··· RAW DATA ···

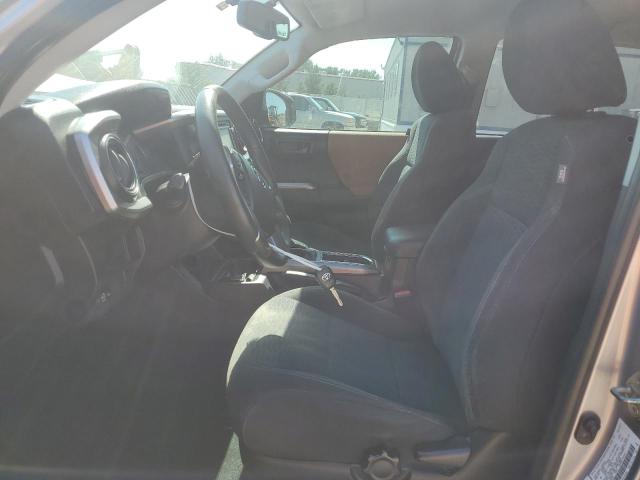 5TFAZ5CN8HX048430 - 2017 TOYOTA TACOMA DOUBLE CAB SILVER photo 7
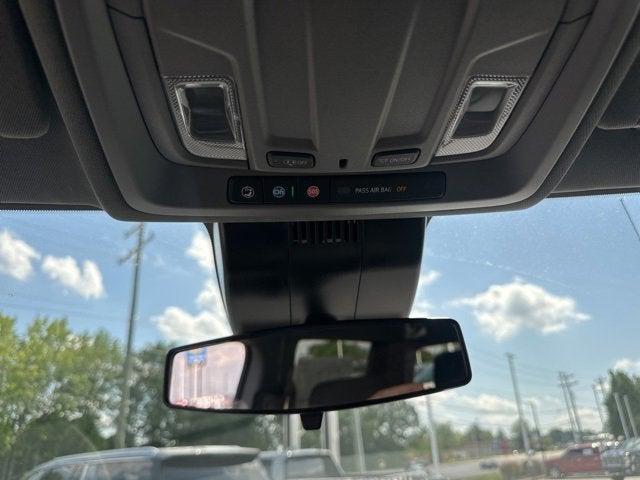 new 2025 GMC Sierra 1500 car, priced at $53,285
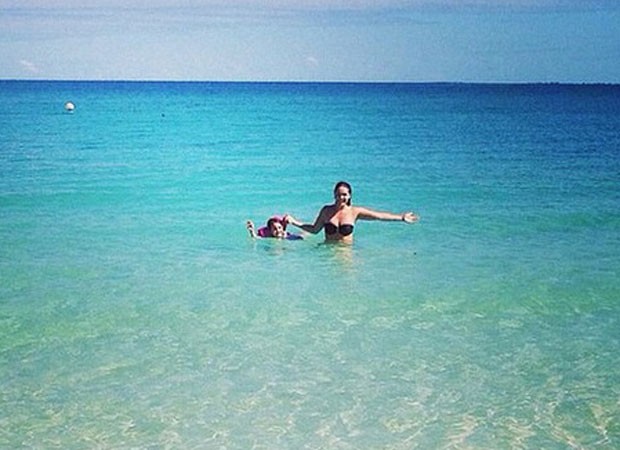 Tania Mara se diverte no mar com a filha, Maysa (Foto: Reprodução/Instagram)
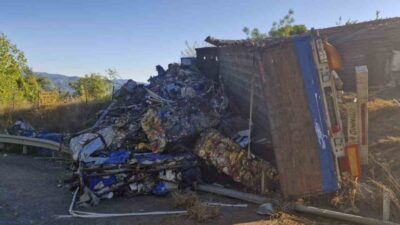 Karabük’te hurda yüklü tırın devrilmesi sonucu meydana gelen trafik kazasında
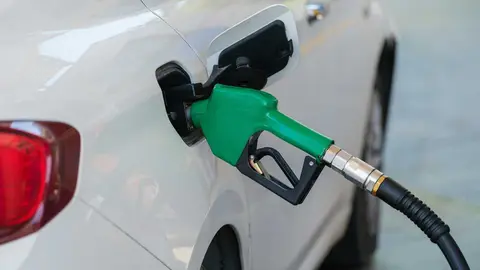Un veh&iacute;culo reposta combustible en una estaci&oacute;n de servicio en un contexto de subida del precio de la gasolina.
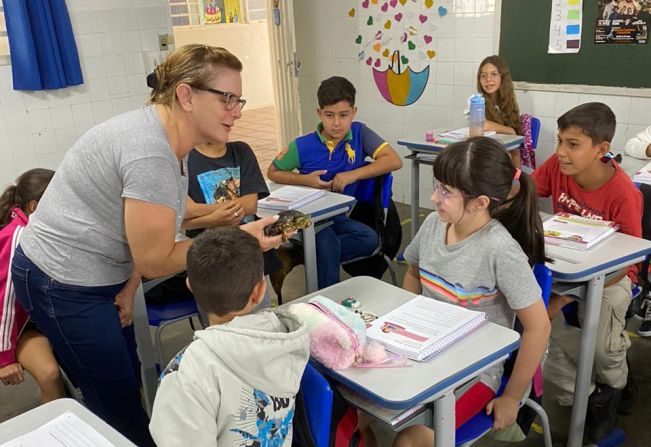 ALUNOS DO 5º ANO DO ENSINO FUNDAMENTAL RECEBEM A VISITA DE UMA TARTARUGA NA ESCOLA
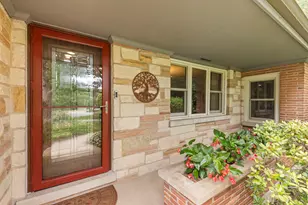 27W118 Cove Ln, Warrenville, IL 60555 - Photo 3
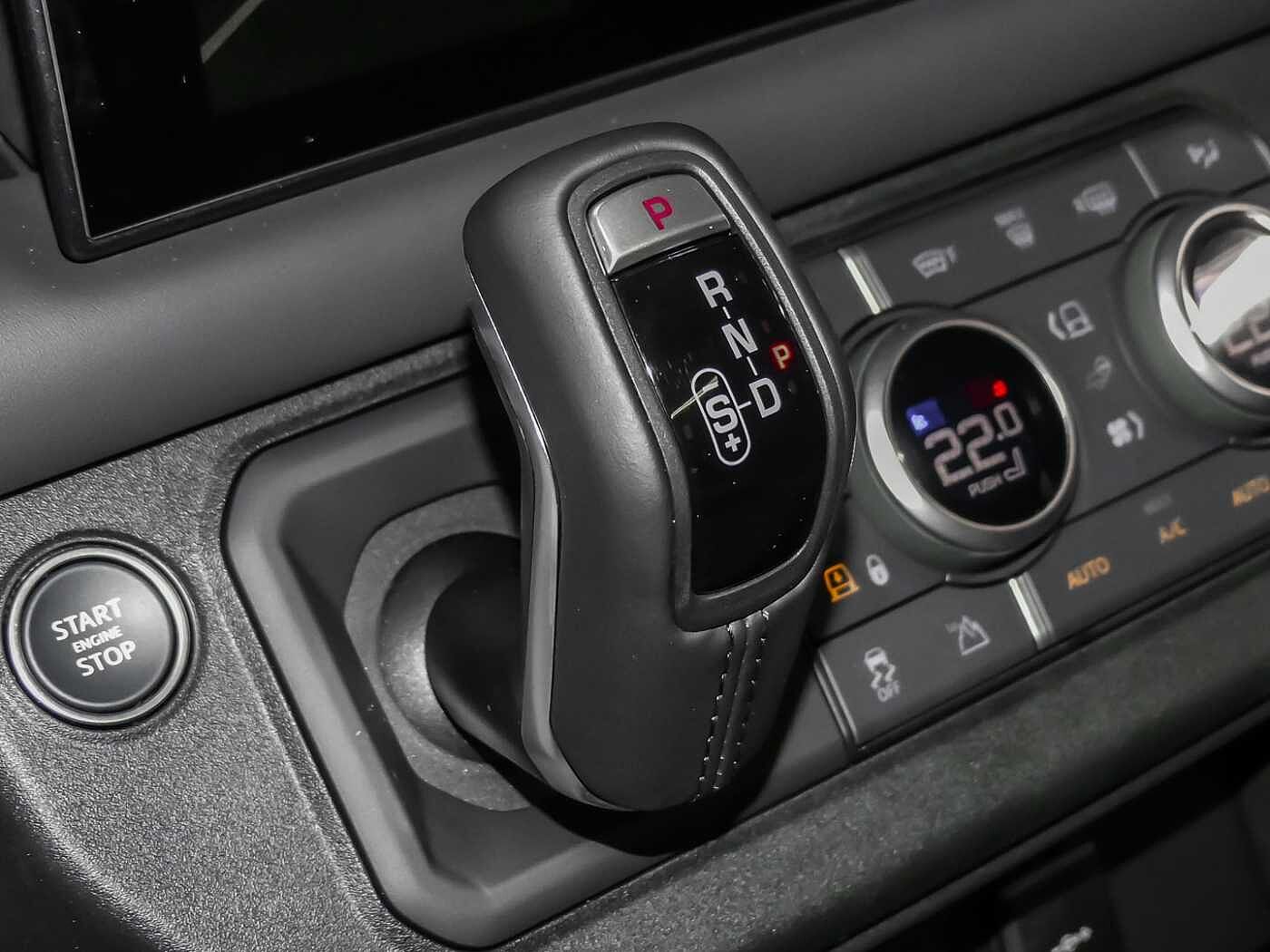 Land Rover Defender P500 X V8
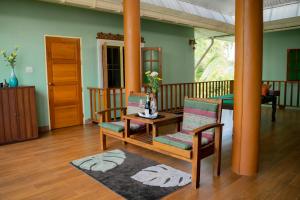 范县Baan innto resort的客厅配有桌子和两把椅子
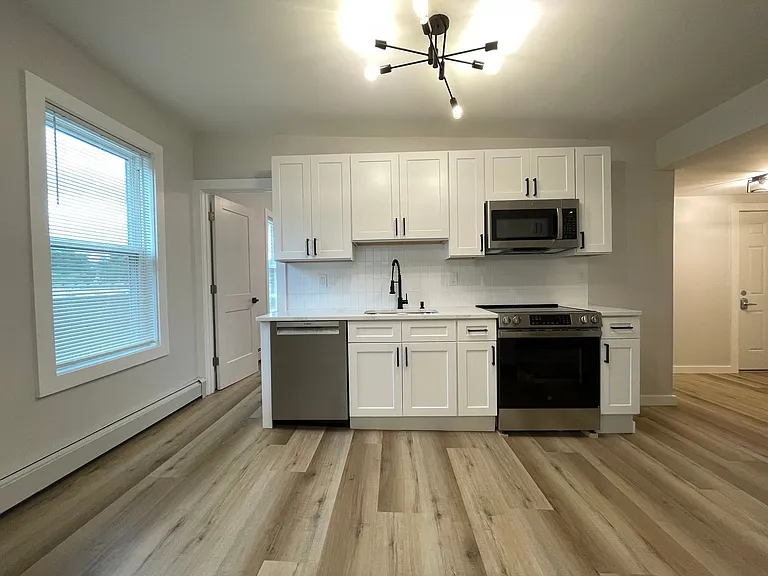 411-431 N Main St #15 — Photo 2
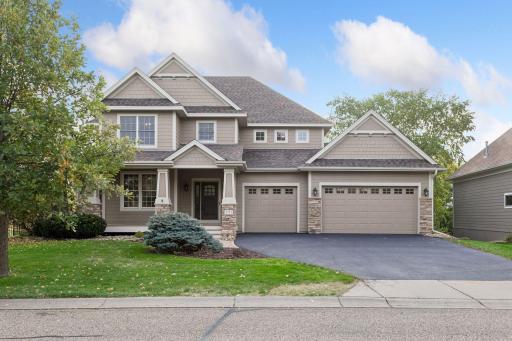 1711 Deephaven Drive, Woodbury, MN 55129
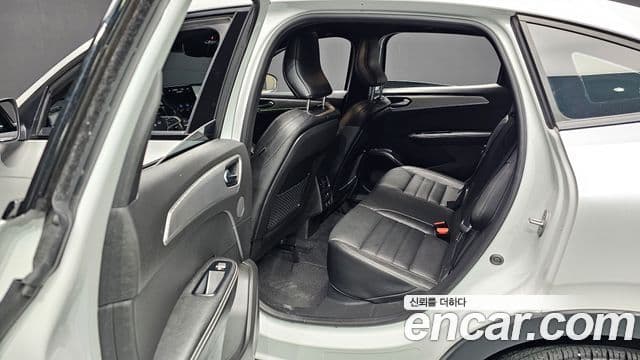 Renault Samsung XM3 2022 — ფოტო 27/33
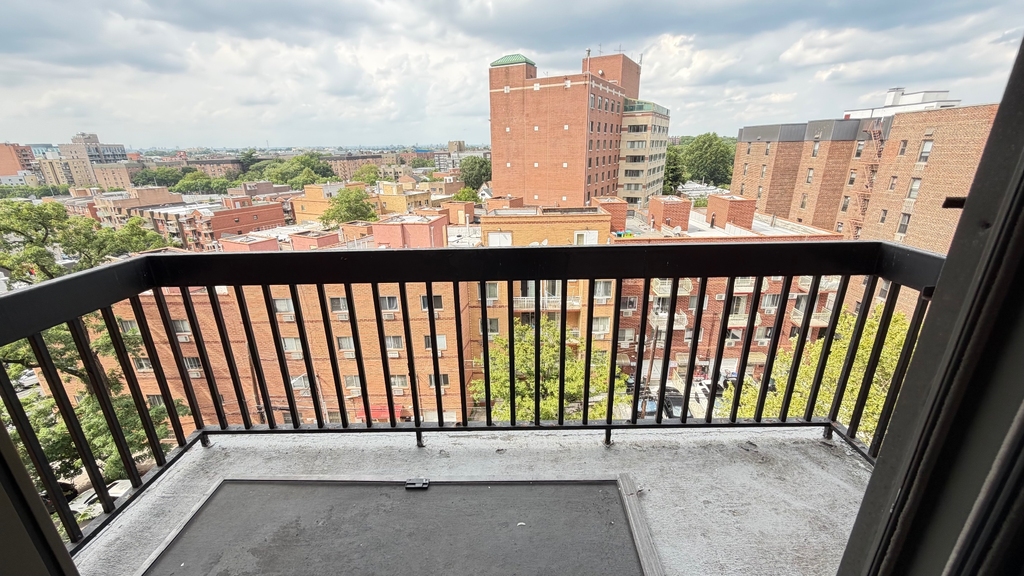 140-16 34th Avenue - Photo 7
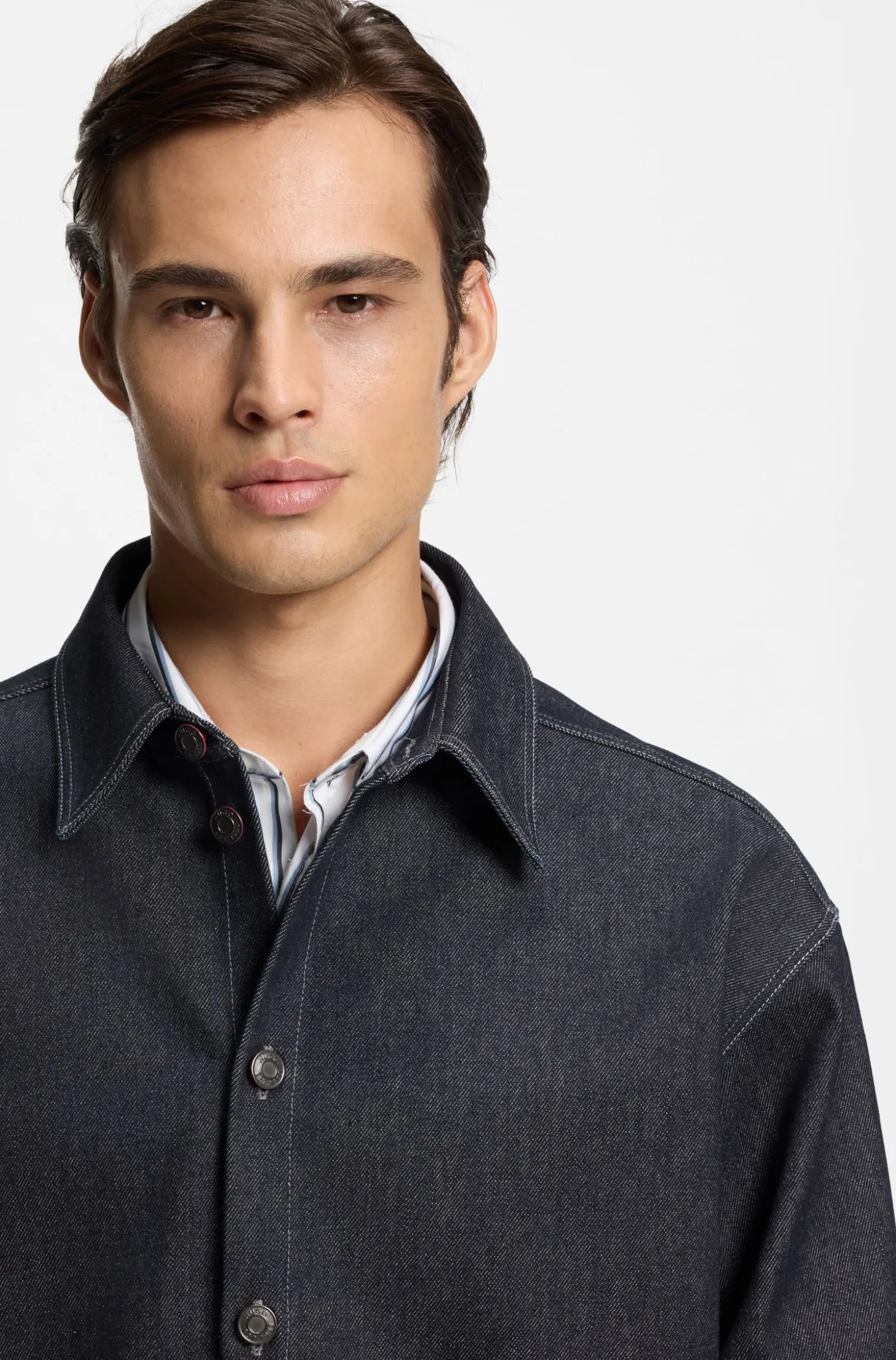 Oversized Hemd aus schwerem dunkelblauem Denim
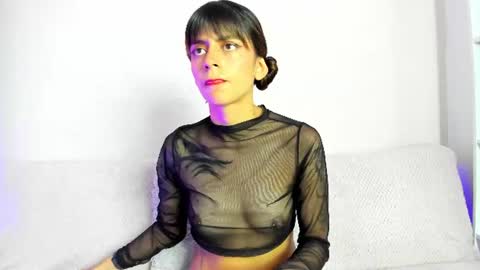 Snapshot of sofidior chatting on June 12, 6:18 pm Sofia OF sofidioroficial online show from June 12, 6:18 pm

···

EXERCISE OBJECTIVE >> Each record is to be restated word for word; no picture goes in.

TASK OUTPUT >>
 5TFAZ5CN8HX048430 - 2017 TOYOTA TACOMA DOUBLE CAB SILVER photo 7
 new 2025 GMC Sierra 1500 car, priced at $53,285
 Tania Mara se diverte no mar com a filha, Maysa (Foto: Reprodução/Instagram)
 Karabük’te hurda yüklü tırın devrilmesi sonucu meydana gelen trafik kazasında
Un veh&iacute;culo reposta combustible en una estaci&oacute;n de servicio en un contexto de subida del precio de la gasolina.
 ALUNOS DO 5º ANO DO ENSINO FUNDAMENTAL RECEBEM A VISITA DE UMA TARTARUGA NA ESCOLA
 27W118 Cove Ln, Warrenville, IL 60555 - Photo 3
 Land Rover Defender P500 X V8
 范县Baan innto resort的客厅配有桌子和两把椅子
 411-431 N Main St #15 — Photo 2
 1711 Deephaven Drive, Woodbury, MN 55129
 Renault Samsung XM3 2022 — ფოტო 27/33
 140-16 34th Avenue - Photo 7
 Oversized Hemd aus schwerem dunkelblauem Denim
 Snapshot of sofidior chatting on June 12, 6:18 pm Sofia OF sofidioroficial online show from June 12, 6:18 pm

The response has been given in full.